Why was it important for Peano arithmetic to prove ITS OWN consistency? A paraphrase of Gödel's Second Incompleteness Theorem into non-technical language states that, if a formal system is powerful enough to express Peano arithmetic, that system is unable to prove its own consistency.
This result is often - though not universally - taken to be the final nail in the coffin of  attempts to prove that arithematic is consistent. What I don't fully understand is: Why did the proof of consistency have to be made from within arithmetic? I think I have an inkling of the reason. Perhaps it has to do with fact that, if the consistency of arithmetic was proved within another system, the consistency of that system would also have to be proved, potentially leading to an infinite regress? But I can't quite answer my own objection: Could we not prove the consistency of arithmetic from a simpler formal system, the proof of the consistency of which might be more straightforward? Is there some result which states that, if one can prove the consistency of formal system $A$ from within formal system $B$, then $B$ must be at least as powerful as $A$?
 A: Perhaps the most succinct answer is given by Hilbert in his article Über das Unendliche (On the Infinite):

There is just one condition, albeit an absolutely necessary one,
connected with the method of ideal elements. That condition is a proof
of consistency, for the extension of a domain by the addition of ideal
elements is legitimate only if the extension does not cause
contradictions to appear in the old, narrower domain, or, in other
words, only if the relations that obtain among the old structures when
the ideal structures are deleted are always valid in the old domain.
[Philosophy of Mathematics: Selected Readings edited by P.
Benacerraf and H. Putnam, 2nd edition, Cambridge University Press,
1983, p. 199]

Demonstration of self-consistency, together with completeness, is an indispensable requirement of Hilbert's programme on the whole of mathematics. Indeed, the fundamental roles of these two notions reasonably follow from his formalist vision of mathematics, that is, to put the point overly simply, an architecture that would describe mathematical objects and relations in their utmost generality, hence, in ideally abstract fashion.

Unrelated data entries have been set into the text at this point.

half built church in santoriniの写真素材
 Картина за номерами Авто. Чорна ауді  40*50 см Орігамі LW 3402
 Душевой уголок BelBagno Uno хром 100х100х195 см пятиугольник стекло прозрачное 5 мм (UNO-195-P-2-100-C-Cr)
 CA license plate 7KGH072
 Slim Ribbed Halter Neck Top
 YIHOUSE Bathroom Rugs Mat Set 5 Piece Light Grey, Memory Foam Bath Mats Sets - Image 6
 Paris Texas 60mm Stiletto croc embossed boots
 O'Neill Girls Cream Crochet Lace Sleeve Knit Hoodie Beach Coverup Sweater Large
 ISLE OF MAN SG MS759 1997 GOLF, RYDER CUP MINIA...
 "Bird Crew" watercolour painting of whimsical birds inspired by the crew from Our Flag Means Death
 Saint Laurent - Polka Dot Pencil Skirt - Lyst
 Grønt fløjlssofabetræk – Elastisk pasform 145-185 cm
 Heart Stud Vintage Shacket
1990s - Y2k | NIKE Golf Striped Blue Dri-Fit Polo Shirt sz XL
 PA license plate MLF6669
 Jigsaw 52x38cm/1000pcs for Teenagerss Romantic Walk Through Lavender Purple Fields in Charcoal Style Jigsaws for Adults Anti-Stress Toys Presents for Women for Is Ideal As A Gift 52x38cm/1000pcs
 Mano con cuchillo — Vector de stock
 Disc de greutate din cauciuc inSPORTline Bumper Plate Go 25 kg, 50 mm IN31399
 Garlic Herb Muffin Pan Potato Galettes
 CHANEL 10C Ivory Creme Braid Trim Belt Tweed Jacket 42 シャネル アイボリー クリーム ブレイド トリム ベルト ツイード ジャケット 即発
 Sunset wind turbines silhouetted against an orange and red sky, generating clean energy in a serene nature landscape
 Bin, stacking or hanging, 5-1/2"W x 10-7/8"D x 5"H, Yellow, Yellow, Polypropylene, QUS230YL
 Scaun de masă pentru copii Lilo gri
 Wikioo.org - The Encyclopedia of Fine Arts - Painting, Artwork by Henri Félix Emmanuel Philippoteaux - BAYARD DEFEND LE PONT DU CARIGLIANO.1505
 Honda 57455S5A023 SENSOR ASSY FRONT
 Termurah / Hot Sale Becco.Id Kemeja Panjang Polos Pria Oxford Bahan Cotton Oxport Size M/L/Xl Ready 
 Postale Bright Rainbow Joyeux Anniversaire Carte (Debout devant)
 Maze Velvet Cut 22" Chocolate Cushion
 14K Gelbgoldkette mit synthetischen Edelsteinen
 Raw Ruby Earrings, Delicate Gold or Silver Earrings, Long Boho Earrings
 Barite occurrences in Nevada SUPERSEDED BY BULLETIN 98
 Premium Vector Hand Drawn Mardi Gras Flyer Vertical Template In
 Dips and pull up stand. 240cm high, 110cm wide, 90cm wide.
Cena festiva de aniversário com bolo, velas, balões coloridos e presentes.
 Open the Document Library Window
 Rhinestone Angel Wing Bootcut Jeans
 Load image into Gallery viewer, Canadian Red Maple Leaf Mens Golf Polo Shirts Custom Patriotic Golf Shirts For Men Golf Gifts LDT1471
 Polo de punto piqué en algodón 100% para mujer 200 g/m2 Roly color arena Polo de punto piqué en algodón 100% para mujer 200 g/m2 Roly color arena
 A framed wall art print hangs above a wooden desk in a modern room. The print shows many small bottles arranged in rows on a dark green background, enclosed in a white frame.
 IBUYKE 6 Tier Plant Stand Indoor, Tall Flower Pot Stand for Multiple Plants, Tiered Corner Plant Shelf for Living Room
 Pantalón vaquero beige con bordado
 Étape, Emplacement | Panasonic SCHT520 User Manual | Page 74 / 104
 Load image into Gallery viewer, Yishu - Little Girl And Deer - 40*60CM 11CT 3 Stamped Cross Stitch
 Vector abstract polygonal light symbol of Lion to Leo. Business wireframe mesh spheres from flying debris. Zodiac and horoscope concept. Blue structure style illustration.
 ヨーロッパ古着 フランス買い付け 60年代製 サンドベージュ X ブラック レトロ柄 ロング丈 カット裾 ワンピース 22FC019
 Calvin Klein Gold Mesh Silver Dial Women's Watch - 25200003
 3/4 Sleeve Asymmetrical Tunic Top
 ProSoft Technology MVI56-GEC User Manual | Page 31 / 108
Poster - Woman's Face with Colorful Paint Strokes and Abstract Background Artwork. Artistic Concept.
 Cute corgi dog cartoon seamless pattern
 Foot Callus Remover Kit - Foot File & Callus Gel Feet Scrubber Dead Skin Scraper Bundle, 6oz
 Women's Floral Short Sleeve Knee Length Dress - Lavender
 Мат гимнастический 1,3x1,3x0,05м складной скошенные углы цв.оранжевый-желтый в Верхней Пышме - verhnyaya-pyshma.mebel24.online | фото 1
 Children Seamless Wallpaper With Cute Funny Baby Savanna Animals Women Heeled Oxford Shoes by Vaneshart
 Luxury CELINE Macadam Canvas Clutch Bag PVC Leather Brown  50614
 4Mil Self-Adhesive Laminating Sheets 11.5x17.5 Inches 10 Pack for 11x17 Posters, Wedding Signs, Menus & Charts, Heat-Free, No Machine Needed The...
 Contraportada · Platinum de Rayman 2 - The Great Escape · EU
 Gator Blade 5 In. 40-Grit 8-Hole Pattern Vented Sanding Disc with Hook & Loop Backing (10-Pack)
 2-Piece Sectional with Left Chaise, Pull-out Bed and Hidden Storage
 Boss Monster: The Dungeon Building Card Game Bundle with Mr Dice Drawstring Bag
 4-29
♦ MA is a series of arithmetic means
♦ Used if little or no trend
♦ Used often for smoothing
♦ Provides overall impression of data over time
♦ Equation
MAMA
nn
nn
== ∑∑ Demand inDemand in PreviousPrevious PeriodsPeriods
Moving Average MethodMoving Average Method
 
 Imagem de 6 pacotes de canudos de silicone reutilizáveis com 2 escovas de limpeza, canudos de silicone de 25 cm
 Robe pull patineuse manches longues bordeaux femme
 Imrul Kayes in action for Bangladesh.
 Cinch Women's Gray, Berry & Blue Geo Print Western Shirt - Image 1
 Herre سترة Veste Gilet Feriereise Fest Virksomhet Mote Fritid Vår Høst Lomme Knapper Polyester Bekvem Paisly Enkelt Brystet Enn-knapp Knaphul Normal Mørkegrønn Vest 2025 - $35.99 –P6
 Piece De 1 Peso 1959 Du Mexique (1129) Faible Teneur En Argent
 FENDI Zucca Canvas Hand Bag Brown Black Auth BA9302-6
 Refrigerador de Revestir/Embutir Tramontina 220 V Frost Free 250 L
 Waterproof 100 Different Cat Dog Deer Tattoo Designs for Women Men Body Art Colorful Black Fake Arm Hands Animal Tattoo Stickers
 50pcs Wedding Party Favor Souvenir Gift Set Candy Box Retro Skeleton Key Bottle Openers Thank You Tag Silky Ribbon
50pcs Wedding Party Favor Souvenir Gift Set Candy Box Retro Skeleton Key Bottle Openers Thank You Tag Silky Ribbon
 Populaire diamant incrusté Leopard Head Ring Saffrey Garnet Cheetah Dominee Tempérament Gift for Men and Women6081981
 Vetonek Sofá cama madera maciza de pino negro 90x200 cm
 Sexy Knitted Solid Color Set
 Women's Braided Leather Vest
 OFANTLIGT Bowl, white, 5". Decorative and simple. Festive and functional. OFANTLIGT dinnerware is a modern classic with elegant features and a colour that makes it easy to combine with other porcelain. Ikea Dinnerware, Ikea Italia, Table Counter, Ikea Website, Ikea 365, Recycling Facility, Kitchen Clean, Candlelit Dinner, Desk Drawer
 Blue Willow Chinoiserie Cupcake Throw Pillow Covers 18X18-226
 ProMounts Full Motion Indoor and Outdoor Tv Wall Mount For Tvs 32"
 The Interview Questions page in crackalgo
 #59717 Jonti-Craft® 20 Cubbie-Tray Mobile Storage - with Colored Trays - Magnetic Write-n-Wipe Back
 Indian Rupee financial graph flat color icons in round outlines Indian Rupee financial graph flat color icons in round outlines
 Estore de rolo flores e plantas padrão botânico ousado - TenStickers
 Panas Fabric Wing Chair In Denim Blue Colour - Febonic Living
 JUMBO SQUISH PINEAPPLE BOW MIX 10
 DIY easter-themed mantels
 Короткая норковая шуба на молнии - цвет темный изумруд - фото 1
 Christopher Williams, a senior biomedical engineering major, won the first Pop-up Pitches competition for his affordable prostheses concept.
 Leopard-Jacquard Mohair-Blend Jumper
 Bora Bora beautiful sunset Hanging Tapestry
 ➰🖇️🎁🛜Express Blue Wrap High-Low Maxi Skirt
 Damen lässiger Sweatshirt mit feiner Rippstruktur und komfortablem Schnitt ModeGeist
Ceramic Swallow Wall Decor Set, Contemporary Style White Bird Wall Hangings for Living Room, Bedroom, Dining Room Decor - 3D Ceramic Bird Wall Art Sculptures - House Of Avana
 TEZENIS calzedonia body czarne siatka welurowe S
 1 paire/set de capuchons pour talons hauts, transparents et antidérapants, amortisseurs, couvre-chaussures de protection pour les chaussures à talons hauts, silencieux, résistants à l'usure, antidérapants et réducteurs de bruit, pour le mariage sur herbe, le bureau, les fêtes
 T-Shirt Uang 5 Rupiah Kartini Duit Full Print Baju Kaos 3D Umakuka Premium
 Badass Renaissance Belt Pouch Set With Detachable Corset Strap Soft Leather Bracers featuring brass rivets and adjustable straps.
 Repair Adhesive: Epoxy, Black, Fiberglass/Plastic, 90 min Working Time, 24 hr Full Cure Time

Since the envisioned formal system would be bereft of any objects and relations that endow mathematical symbolism with meaning, thus traditionally serves as a guiding content against fallacies and defects, the system itself has to guide itself abiding by metamathematical principles and values. Gödel's incompleteness theorems show that both pillars of Hilbert's programme are unrealisable.
Of course, this could be an end to Hilbert's programme, but it is an important research topic to see to what extent a formal system accomplish within itself.